Nampula City


I study civil wars, in particular how different forms of civilian collective action emerge and change the dynamics of war, and how (armed) conflicts evolve, escalate, and transform. This research lies at the intersection of international relations, comparative politics, and political sociology. I strive for an interdisciplinary approach and combine theoretical perspectives and methodological approaches from political science, sociology, history, and anthropology. I put particular emphasis on in-depth fieldwork and combine qualitative with quantitative research methods.


Violent Resistance: Militia Formation and Civil War in Mozambique

Book published in Janaury 2022 with Cambridge University Press

Why do communities form militias to defend themselves against violence during civil war? Using original interviews with former combatants and civilians and archival material from extensive fieldwork in Mozambique, Corinna Jentzsch’s Violent Resistance explains the timing, location and process through which communities form militias. Jentzsch shows that local military stalemates characterized by ongoing violence allow civilians to form militias that fight alongside the government against rebels. Militias spread only to communities in which elites are relatively unified, preventing elites from coopting militias for private gains. Crucially, militias that build on preexisting social conventions are able to resonate with the people and empower them to regain agency over their lives. Jentzsch’s innovative study brings conceptual clarity to the militia phenomenon and helps us understand how wartime civilian agency, violent resistance, and the rise of third actors beyond governments and rebels affect the dynamics of civil war, on the African continent and beyond.

State-Militia Collaboration and Political Order in Civil War

NWO Veni Project funded by the The Netherlands Organisation for Scientific Research

Governments in Syria, Iraq, Afghanistan and Sudan have mobilized militias to defend the state and the local population against armed rebellion. The empowerment of such progovernment armed groups has varying consequences for security and political order in conflict-ridden states. Recent headlines like “Afghan Militia Leaders, Empowered by U.S. to Fight Taliban, Inspire Fear in Villages” (Goldstein 2015), “Power Failure in Iraq as Militias Outgun State” (Parker 2015), and “Chaos Grows in Darfur Conflict as Militias Turn on Government” (Lacey 2005) support the notion that empowering militias leads to disastrous outcomes. But contrary to what such war reports suggest, the disruption of political order and security by militias is not inevitable. In civil wars in Mozambique, Peru and even Afghanistan, many militias neither mounted a serious challenge to state power, nor threatened the population. Instead, they allowed the state to restore order and security. Under what conditions does state-militia collaboration sustain or disrupt political order? More specifically, under what conditions do militias target state institutions and the local population or refrain from doing so?

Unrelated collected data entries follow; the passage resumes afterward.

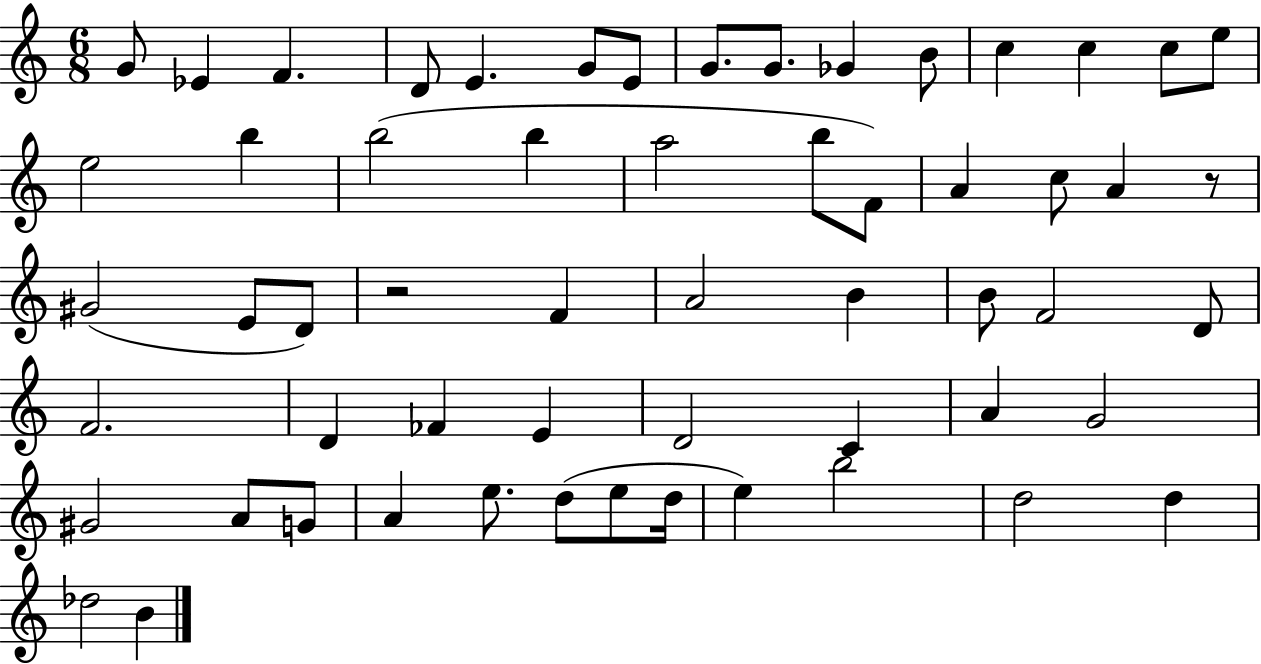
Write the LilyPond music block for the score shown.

{
  \clef treble
  \numericTimeSignature
  \time 6/8
  \key c \major
  g'8 ees'4 f'4. | d'8 e'4. g'8 e'8 | g'8. g'8. ges'4 b'8 | c''4 c''4 c''8 e''8 | \break e''2 b''4 | b''2( b''4 | a''2 b''8 f'8) | a'4 c''8 a'4 r8 | \break gis'2( e'8 d'8) | r2 f'4 | a'2 b'4 | b'8 f'2 d'8 | \break f'2. | d'4 fes'4 e'4 | d'2 c'4 | a'4 g'2 | \break gis'2 a'8 g'8 | a'4 e''8. d''8( e''8 d''16 | e''4) b''2 | d''2 d''4 | \break des''2 b'4 | \bar "|."
}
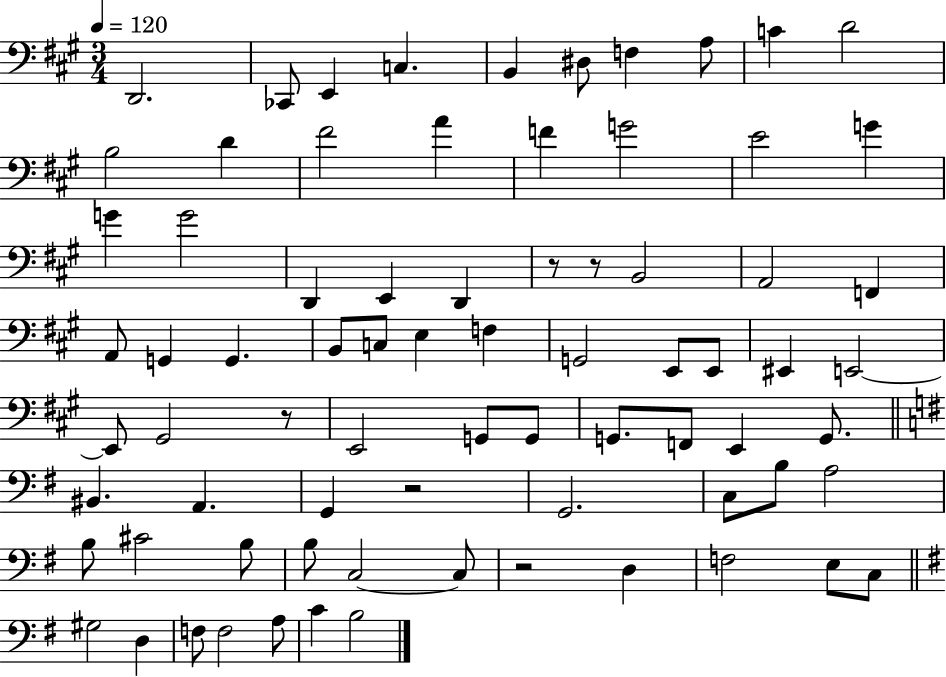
D2/h. CES2/e E2/q C3/q. B2/q D#3/e F3/q A3/e C4/q D4/h B3/h D4/q F#4/h A4/q F4/q G4/h E4/h G4/q G4/q G4/h D2/q E2/q D2/q R/e R/e B2/h A2/h F2/q A2/e G2/q G2/q. B2/e C3/e E3/q F3/q G2/h E2/e E2/e EIS2/q E2/h E2/e G#2/h R/e E2/h G2/e G2/e G2/e. F2/e E2/q G2/e. BIS2/q. A2/q. G2/q R/h G2/h. C3/e B3/e A3/h B3/e C#4/h B3/e B3/e C3/h C3/e R/h D3/q F3/h E3/e C3/e G#3/h D3/q F3/e F3/h A3/e C4/q B3/h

This project develops a new theory of the impact of state–militia collaboration on political order—the extent to which militias exercise state functions and perpetrate violence against the local population. It analyzes subnational variation of state–militia collaboration during the Mozambican civil war for the purpose of theory development and tests implications for the macro-level in a cross-national analysis of state–militia collaboration in recent African civil wars. By elucidating the ambivalent effects of state–militia collaboration in civil war, the research seeks to critically interrogate the assumptions informing current policy in contexts such as Iraq and Afghanistan. The findings will provide insights into how militias can be made more accountable to the state and the local population and less susceptible to co-optation by violent entrepreneurs.

The Evolution of Violence During Mozambique’s Civil War (1976-1992)

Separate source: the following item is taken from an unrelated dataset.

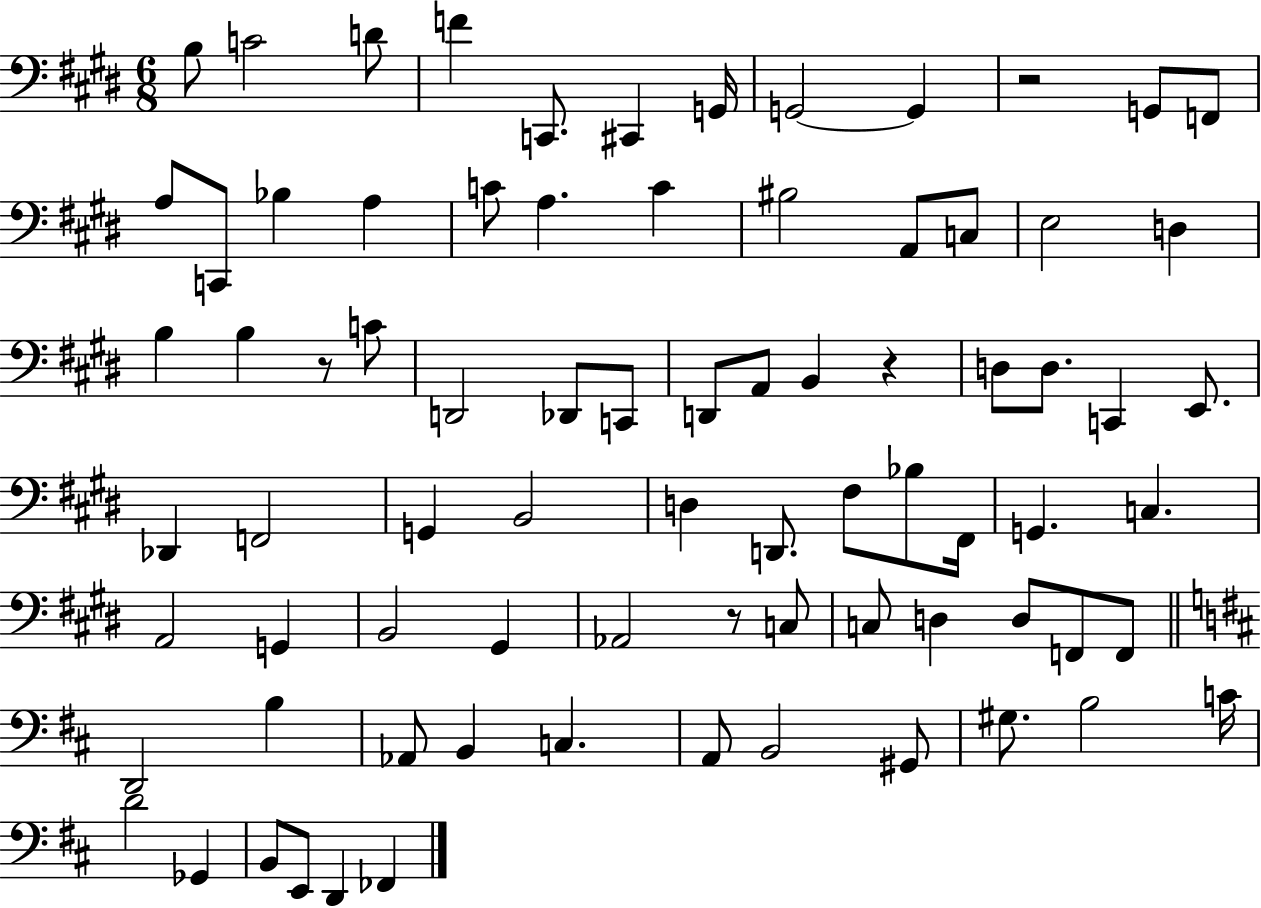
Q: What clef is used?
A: bass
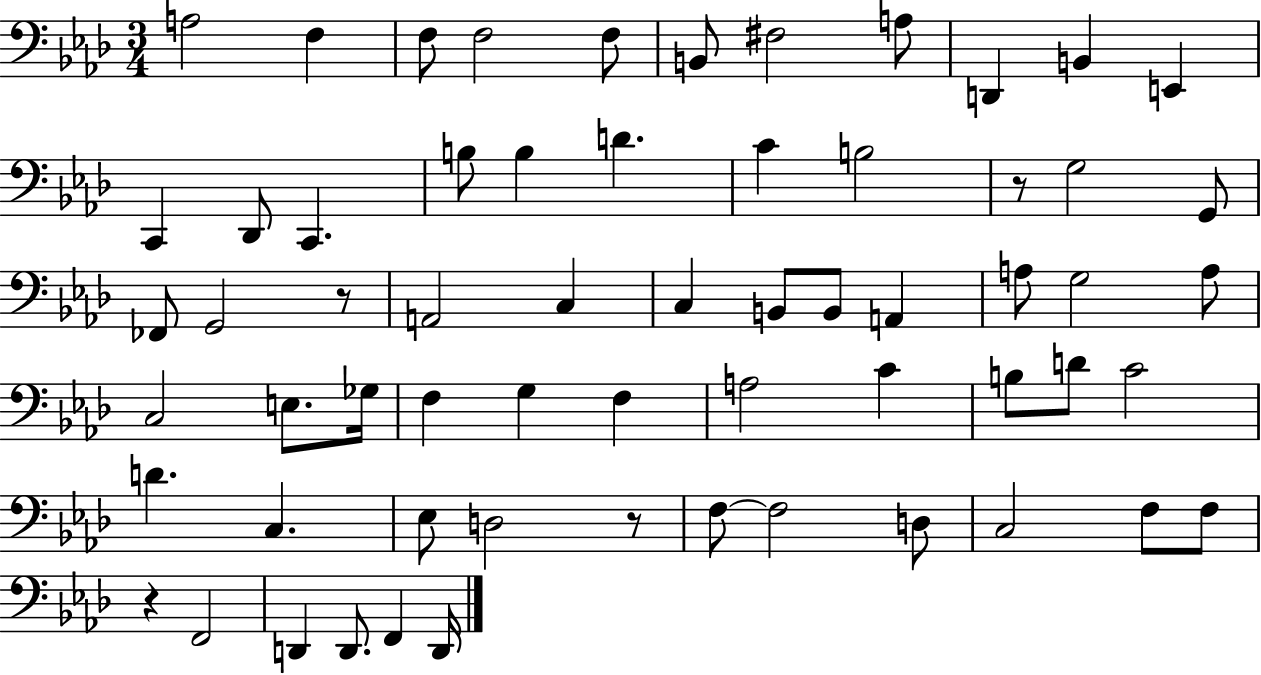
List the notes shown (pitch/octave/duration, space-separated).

Funded by the International Peace Research Association Foundation

Although the civil war in Mozambique (1976-1992) had important geopolitical implications and severe humanitarian consequences, its systematic study is relatively limited in comparison to other armed conflicts. One reason is the dearth of available data, in particular on the subnational level. Cutting-edge research of civil wars, however, requires fine-grained subnational data to uncover the microfoundations of insurgent mobilization, violence against civilians, rebel governance, and displacement. This project makes use of the author’s unique collection of primary documents from Mozambican archives to create a dataset of violent events during the Mozambican civil war to facilitate systematic analysis of variation in wartime violence across space and time. The project contributes to our understanding of the local dynamics of war in Mozambique and the causes and consequences of political violence more generally.